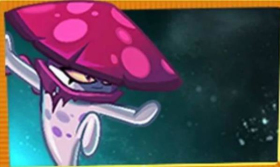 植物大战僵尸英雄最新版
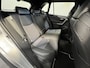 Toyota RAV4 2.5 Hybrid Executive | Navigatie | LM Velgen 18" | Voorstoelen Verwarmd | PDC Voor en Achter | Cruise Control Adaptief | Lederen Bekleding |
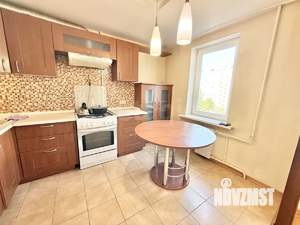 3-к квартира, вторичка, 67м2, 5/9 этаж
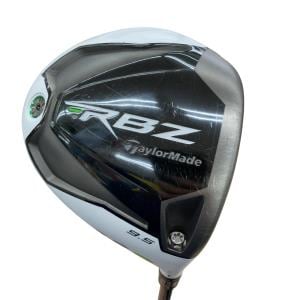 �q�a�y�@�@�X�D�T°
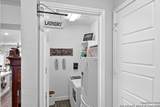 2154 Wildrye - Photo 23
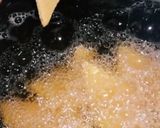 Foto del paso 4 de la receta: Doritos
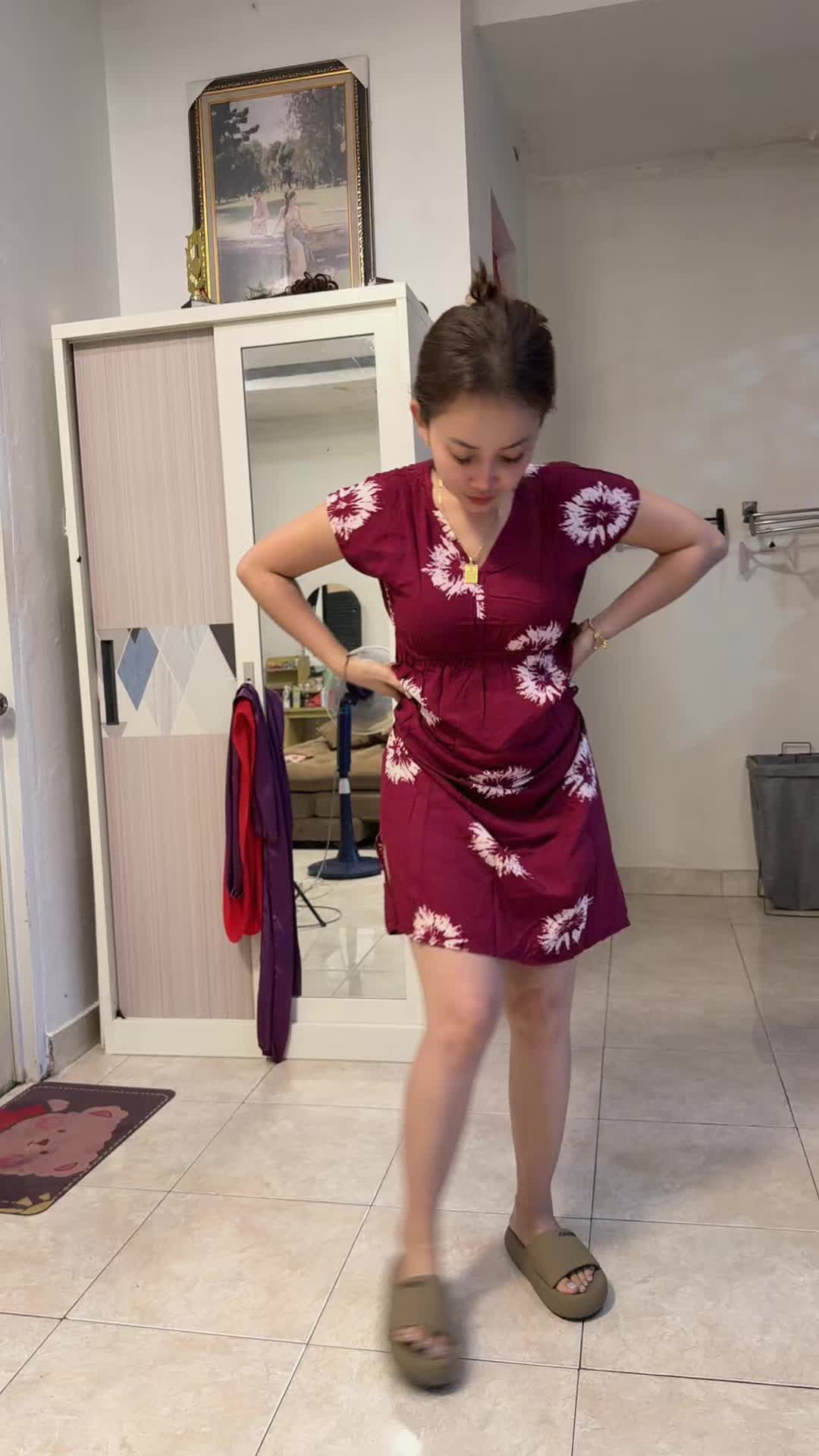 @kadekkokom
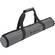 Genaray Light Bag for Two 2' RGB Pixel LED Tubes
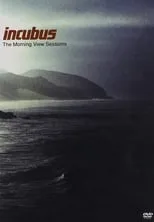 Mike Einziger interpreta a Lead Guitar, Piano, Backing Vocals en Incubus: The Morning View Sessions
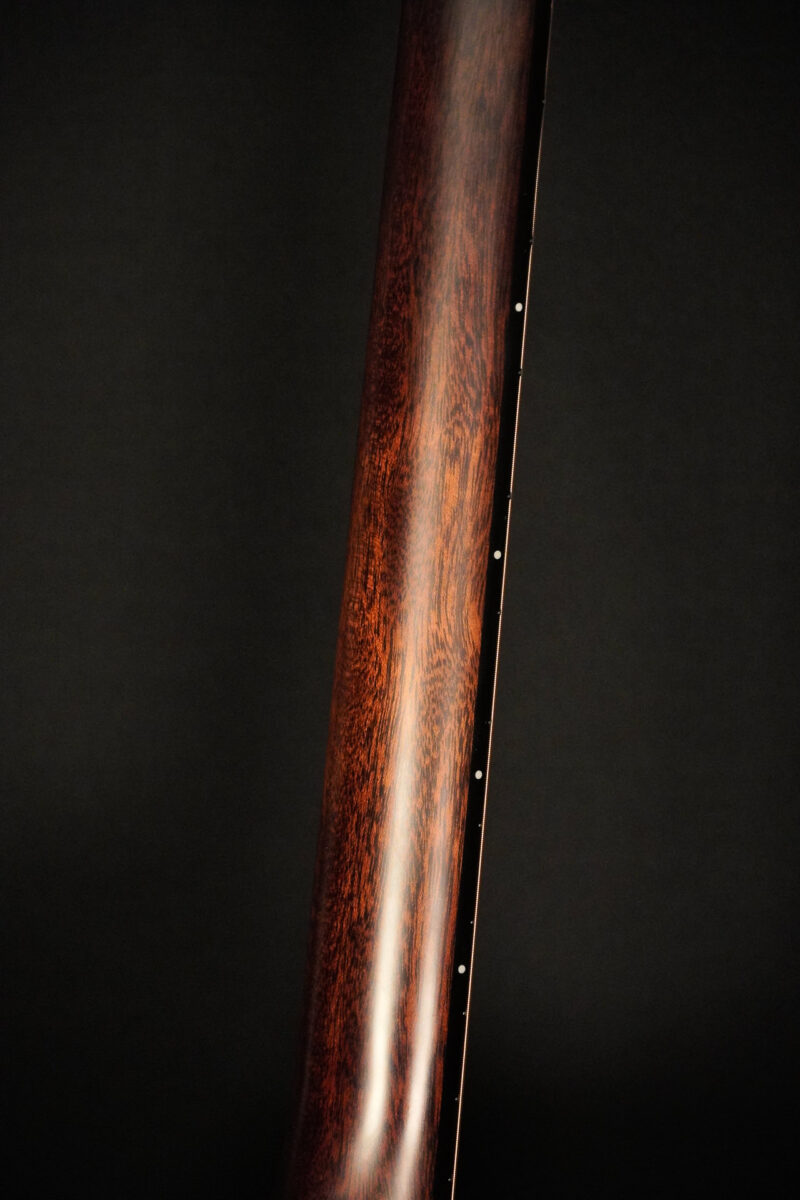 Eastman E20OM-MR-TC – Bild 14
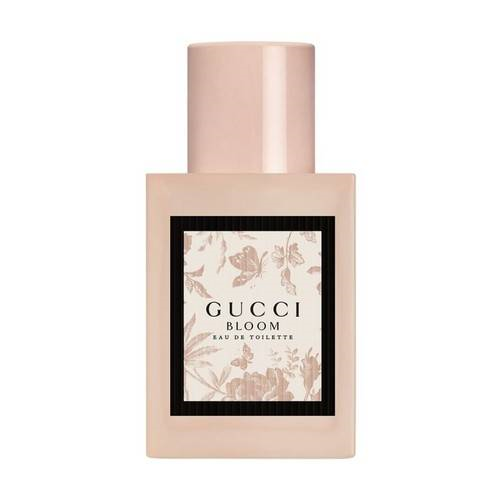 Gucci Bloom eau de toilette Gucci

How to complete this task: Keep each line of the records exactly as it is while transcribing them, but leave the images behind.

Solution:
 植物大战僵尸英雄最新版
 Toyota RAV4 2.5 Hybrid Executive | Navigatie | LM Velgen 18" | Voorstoelen Verwarmd | PDC Voor en Achter | Cruise Control Adaptief | Lederen Bekleding |
 3-к квартира, вторичка, 67м2, 5/9 этаж
 �q�a�y�@�@�X�D�T°
 2154 Wildrye - Photo 23
 Foto del paso 4 de la receta: Doritos
 @kadekkokom
 Genaray Light Bag for Two 2' RGB Pixel LED Tubes
 Mike Einziger interpreta a Lead Guitar, Piano, Backing Vocals en Incubus: The Morning View Sessions
 Eastman E20OM-MR-TC – Bild 14
 Gucci Bloom eau de toilette Gucci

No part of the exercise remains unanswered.